Ayane took a breath, processing all the information.

She wasn’t enough of a loyalist to tell herself Hanppon or anyone else on the surface wouldn’t have done the same thing. Looking at the Beasts, and knowing how numerous they were, there was no way a peaceful resolution would be possible. After all, nations already had a lot of issues with their neighbors, how would they accept an immense number of people that don’t even look like them?

Peaceful immigration would indeed be impossible, so the leaders of the Beasts were not wrong.


“It is. Unfair,” the original spokesperson said. “We killed. Our resources. We stayed. In dark. Instead of. Return–ing.  To light.” He had a coughing fit, and the woman stepped a bit forward to speak again, but he held his hand to stop her. “Now we. Go up. And take. With Us. Dark.”

He giving a voice to what Ayane was thinking. Much as her people would’ve done the same, it would also be wrong of them to do so, and it did in no way justify that it was wrong.

“We make. Mistake,” the woman continued, “we. Not want. To help. Our leaders.”

“We want. To help. You.”

Ayane winced at that, producing a shiver she could not avoid.

What? This is crazy. They’ll help me fight them?!

“Why would I believe you?” The Shadow asked, making sure her tone of voice did not betray the compassion she was feeling. “How can I believe you?”

They looked around, clearly uncomfortable.

“There was. Take of power. We cannot. Stop them. But. Maybe we. Can help. You?”

The Shadow looked around in a reflex that betrayed her wish for someone else to be there. Someone like Eliza, to make the decision, or like Jamie, who was more used to seeing through deceit and gauging honesty. Ayane was not apt at understanding either.

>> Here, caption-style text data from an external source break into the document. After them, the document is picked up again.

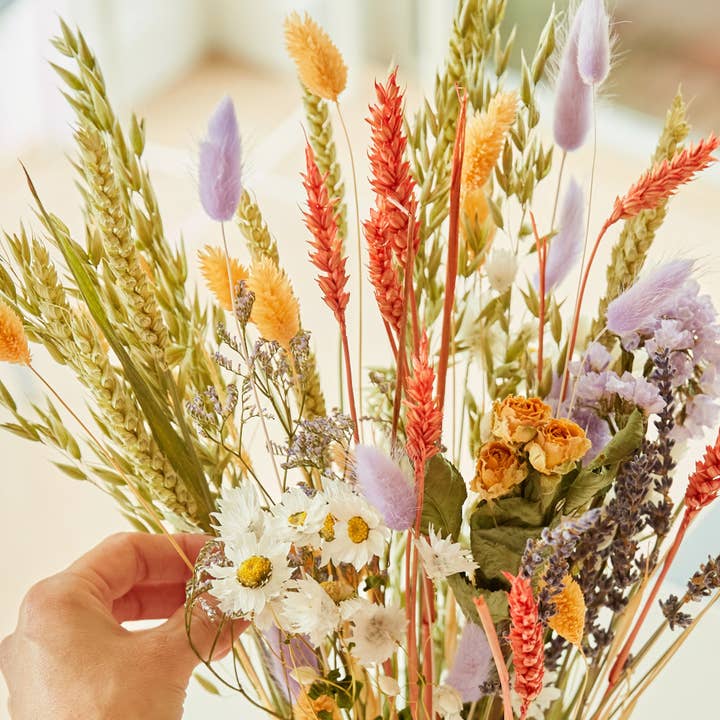 Wildflowers by Floriette - Wholesale Dried/Pressed Flowers - Dried Flowers - Field Bouquet Lavender Peach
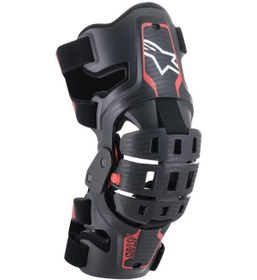 Resim Alpinestars Youth Bionic 5s Diz Koruması Siyah Kırmızı Çok Renkli 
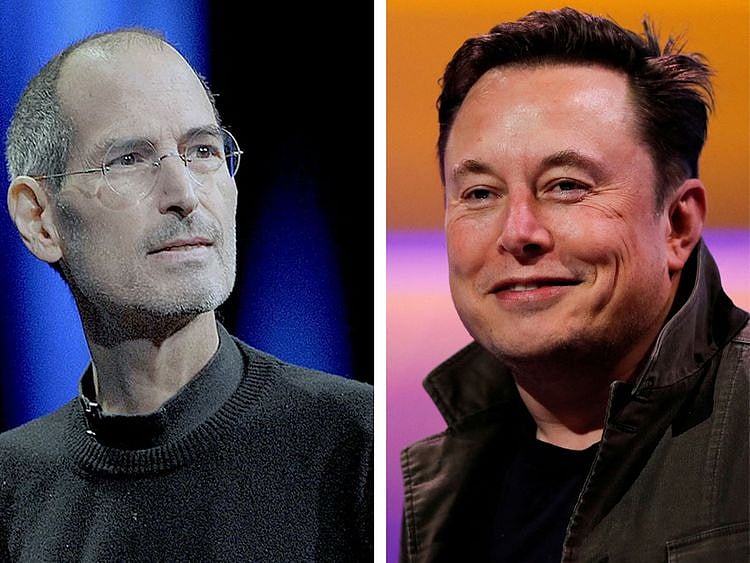 OPN STEVE JOBS AND ELON MUSK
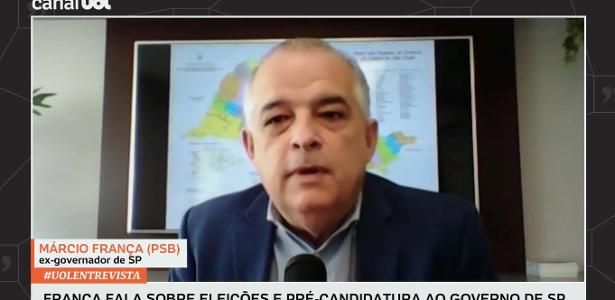 Márcio França dit que Doria ne se soucie que des aperçus PSDB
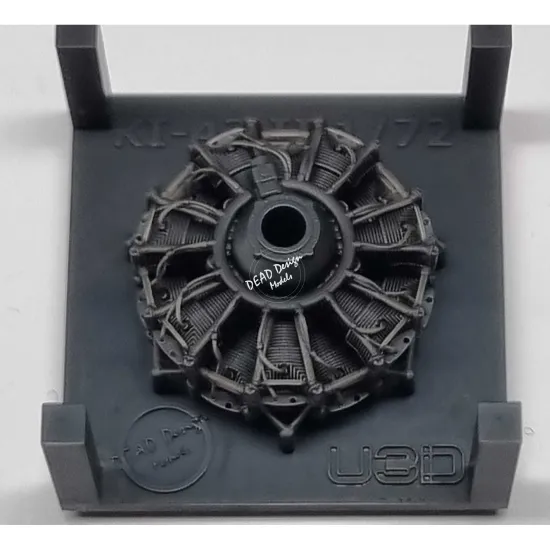 Dead Design 3d72001 1/72 Ki-43 Ii Hayabusa Ha-115 Engine 3d Printed Kit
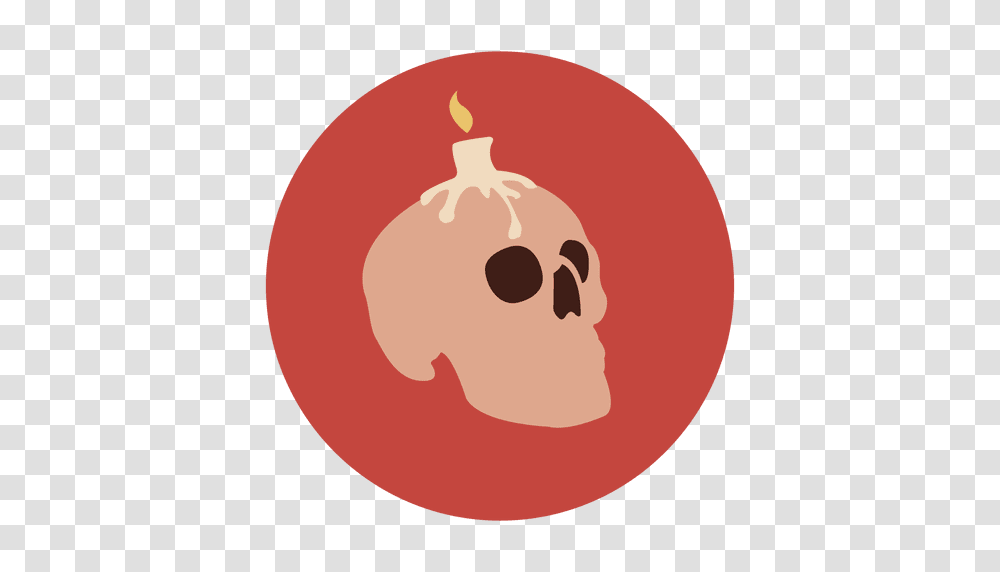 Candle Skull Circle Icon, Plant, Produce, Food, Fruit Transparent Png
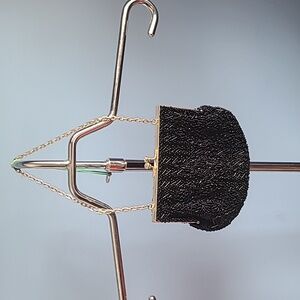 Du-Val Black Beaded Purse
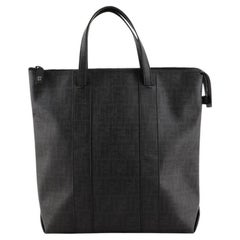 Fendi Shopping Tote Zucca Coated Canvas Tall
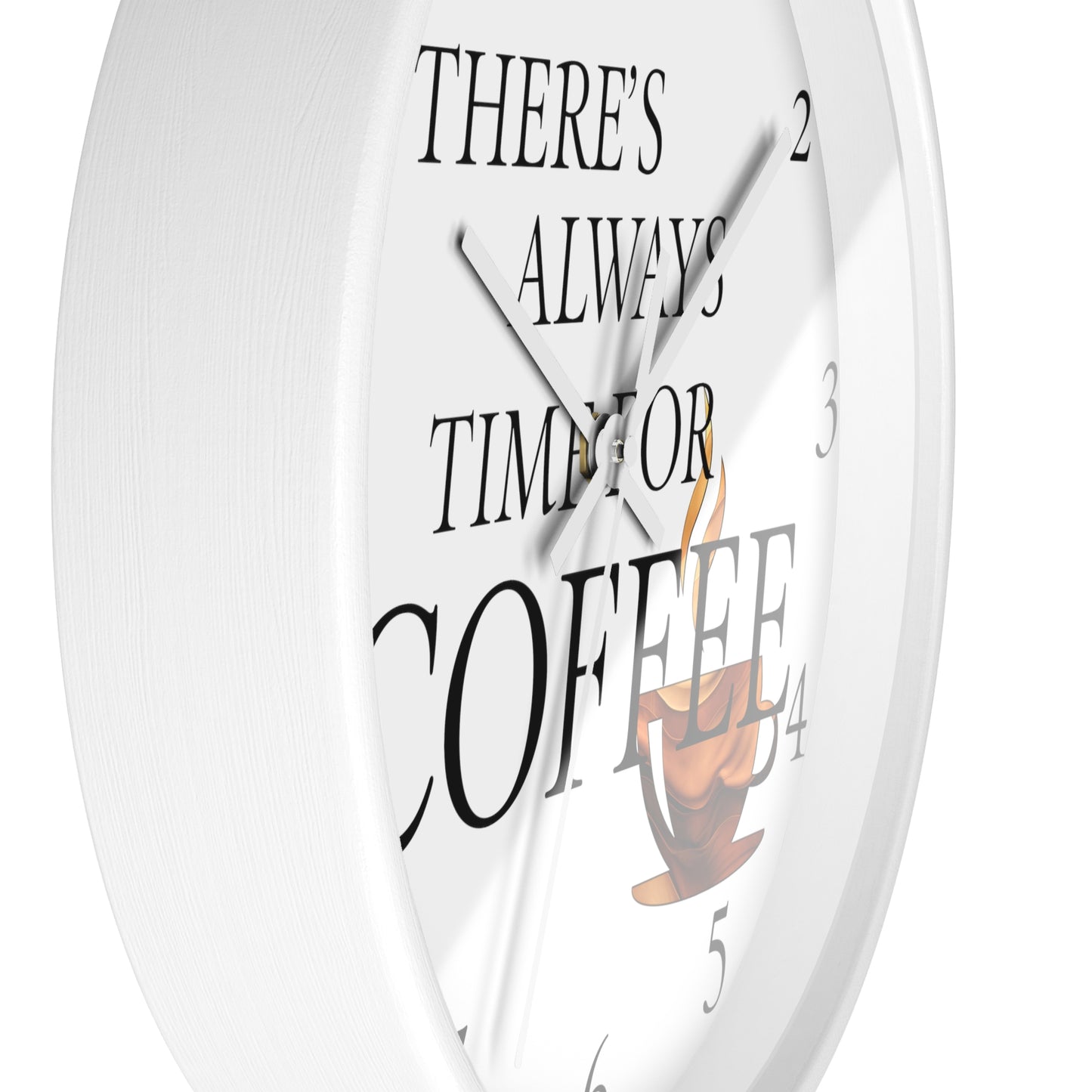 "Time For Coffee" Wall Clock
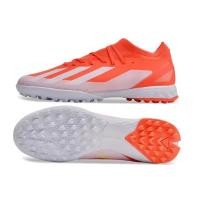 ราคา [มีสินค้าสต๊อกสินค้า] Adidas x crazyfast League TF Frisbee รองเท้าผ้าใบฟุตบอลสนามแข็ง adidas สีแดง/ขาว 39 ผู้หญิง (26129338606)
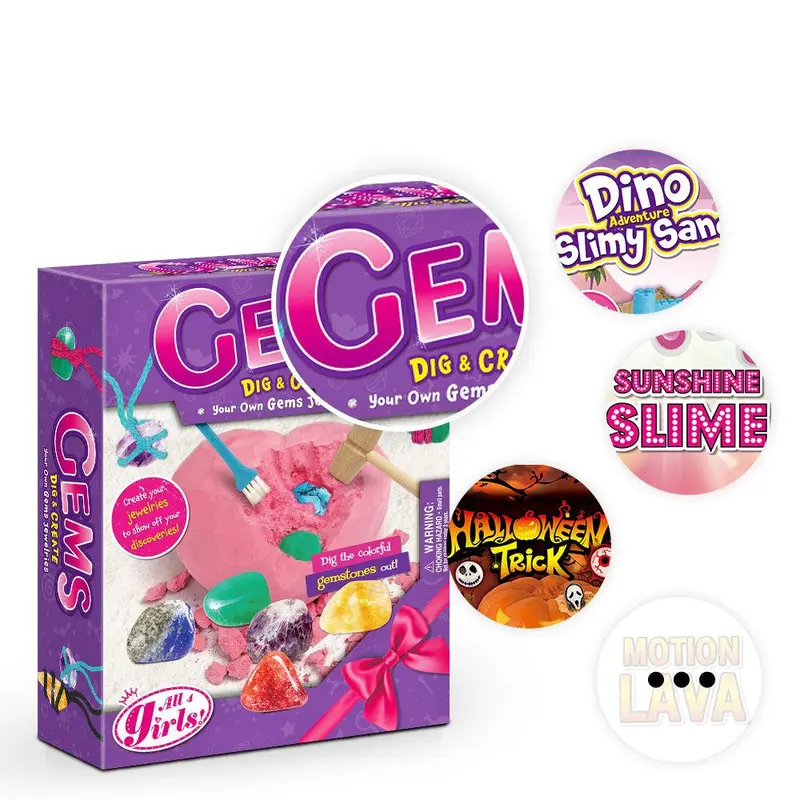 Gemstone Dig Kit Toys 6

How could they even speak her language? The singular words she had heard their warriors speak, here and there, okay, or their military leaders knowing words of their enemies, it made sense. But how did common village dwellers know the common tongue?

Ugh, Ayane grunted, her mind painted. It would be better if they changed their minds and tried to fight and called for help, it would make things a lot easier on her. With that in mind, Ayane decided to push the envelope onto full disclosure.

“What I have come here to do,” the Shadow pointed out, while gazing at them. “It will doom you to a slow death. I have come to kill the dark. ”

They flinched at that. Some of them were having second thoughts, but the moment the Shadow gripped her daggers a little bit tighter, the man stepped forward with a yell.

“No!” They all stopped and looked. “Living. Is not. Everything.”

Ayane saw as most of the group nodded in recognition, it was probably a saying of theirs.

“Living is. Torture. If not…” the man frowned in a struggle to find words.

Someone from the end of the building, near the podium, decided to chime in. “Right.”

Ayane saw he was holding a book.

They still have our literature, Ayane realized, solving the mystery of their mastery of the common language. Their language changed, along with their looks and…vocal cords, but they still learn our words.

The man nodded at the newcomer vigorously. Energized. He looked back at the Shadow and grabbed his heart to emote pain.

“Living is. Torture. If it is. Not right.”

The Shadow understood the argument, but it was a hard pill to swallow. It also hurt her plan more than it helped, even if they didn’t know it.

It would really be easier if they attacked her. If they didn’t give her a choice but to act in self-defense, for the sake of the survival of what humans remain.

They’re humans, Ayane chided herself, they’re humans, not beasts. Still, especially as humans, their offer was very hard to believe.

“You will doom your entire civilization to death?” Ayane asked. “How am I supposed to believe that?”

“Tell us how to. Help. And we prove,” the woman said, clearly the best speaker out of all of them.

And then, in a chorus, they all said.

“We will prove.”

And that was that.

Ayane could feel it within her, whatever it was that kept driving her towards bad and almost always suicidal decisions, heating back up again. That part of her, that core and powerful part of her, lit up and pulsed.

Ayane felt repugnance at the idea… of killing those people.

Damn… Ayane thought, in true anguish. What do I do now?